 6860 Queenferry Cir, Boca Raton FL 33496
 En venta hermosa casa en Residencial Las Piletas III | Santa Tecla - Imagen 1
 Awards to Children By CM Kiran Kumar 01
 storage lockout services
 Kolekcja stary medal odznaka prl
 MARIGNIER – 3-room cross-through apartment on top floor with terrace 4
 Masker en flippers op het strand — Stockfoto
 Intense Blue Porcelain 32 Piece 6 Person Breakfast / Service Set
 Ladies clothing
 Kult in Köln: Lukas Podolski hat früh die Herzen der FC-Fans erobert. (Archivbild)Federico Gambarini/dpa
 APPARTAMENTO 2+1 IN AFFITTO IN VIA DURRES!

------------------------------------------------

AIM OF THE TASK:
Reproduce the material above. Do not change a word.

RESULT OF THIS EXERCISE:
 6860 Queenferry Cir, Boca Raton FL 33496
 En venta hermosa casa en Residencial Las Piletas III | Santa Tecla - Imagen 1
 Awards to Children By CM Kiran Kumar 01
 storage lockout services
 Kolekcja stary medal odznaka prl
 MARIGNIER – 3-room cross-through apartment on top floor with terrace 4
 Masker en flippers op het strand — Stockfoto
 Intense Blue Porcelain 32 Piece 6 Person Breakfast / Service Set
 Ladies clothing
 Kult in Köln: Lukas Podolski hat früh die Herzen der FC-Fans erobert. (Archivbild)Federico Gambarini/dpa
 APPARTAMENTO 2+1 IN AFFITTO IN VIA DURRES!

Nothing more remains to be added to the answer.